#### [Instructions for the task]
Where the listing below reaches the line containing "2026 ONE PIECE", start writing out lines exactly, and stop once the line containing "14k White Gold" has been written.

#### [Input records]

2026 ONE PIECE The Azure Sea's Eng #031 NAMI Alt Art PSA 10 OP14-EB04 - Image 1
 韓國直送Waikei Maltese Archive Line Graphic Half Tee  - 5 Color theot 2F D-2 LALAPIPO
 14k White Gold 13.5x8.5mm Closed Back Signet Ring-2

* * *

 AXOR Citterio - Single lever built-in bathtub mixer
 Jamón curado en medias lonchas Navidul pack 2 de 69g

* * *

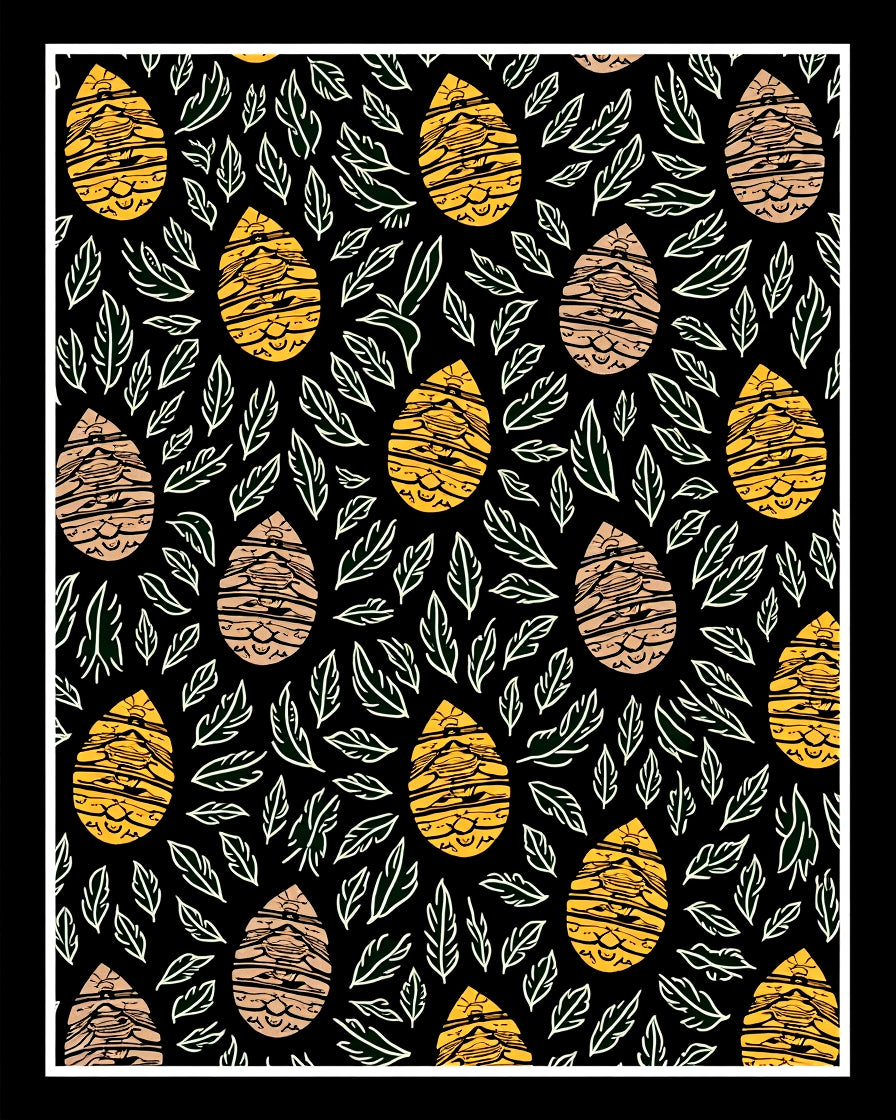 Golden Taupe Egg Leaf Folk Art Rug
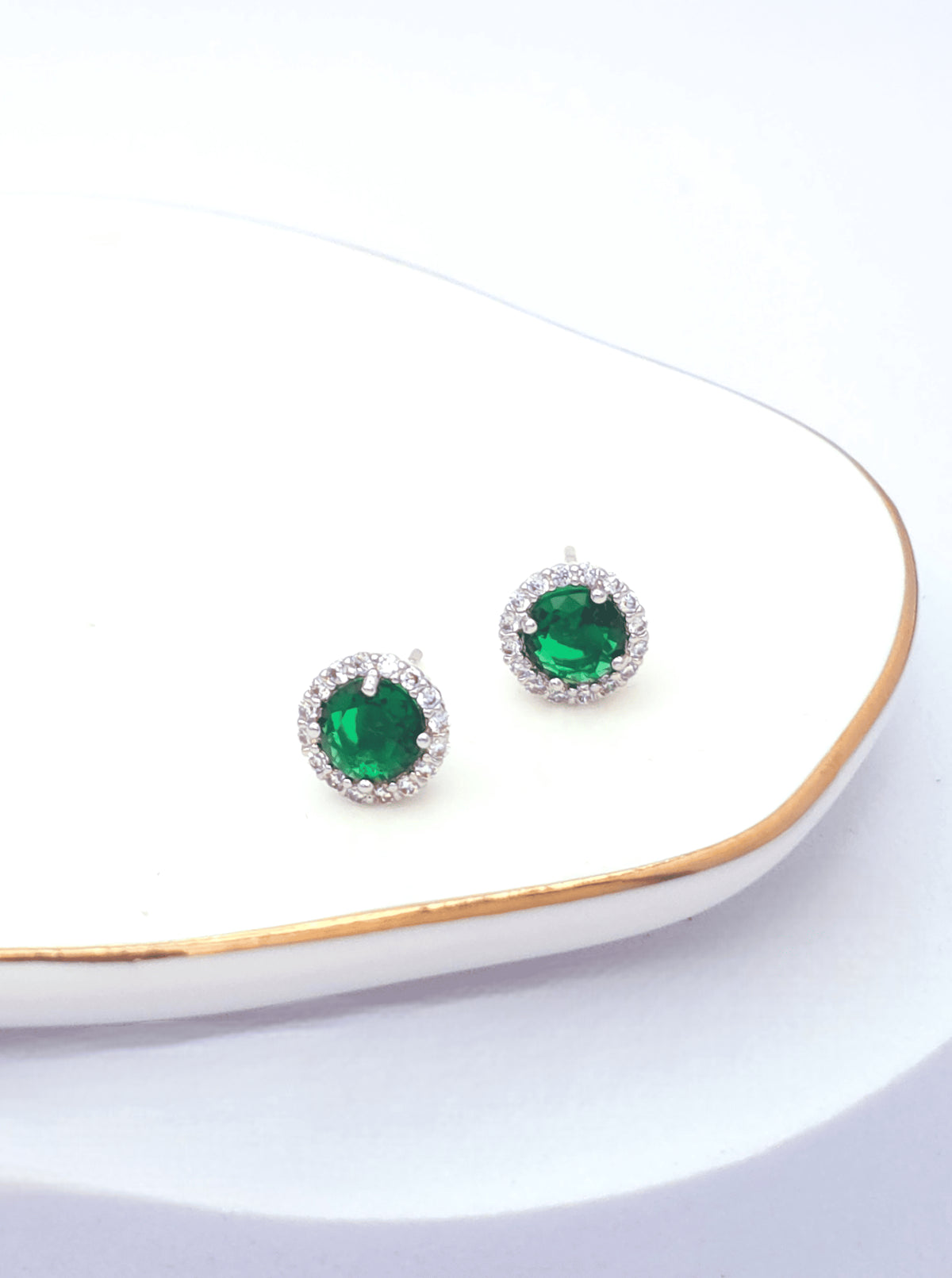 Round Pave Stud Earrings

#### [Answer box]
2026 ONE PIECE The Azure Sea's Eng #031 NAMI Alt Art PSA 10 OP14-EB04 - Image 1
 韓國直送Waikei Maltese Archive Line Graphic Half Tee  - 5 Color theot 2F D-2 LALAPIPO
 14k White Gold 13.5x8.5mm Closed Back Signet Ring-2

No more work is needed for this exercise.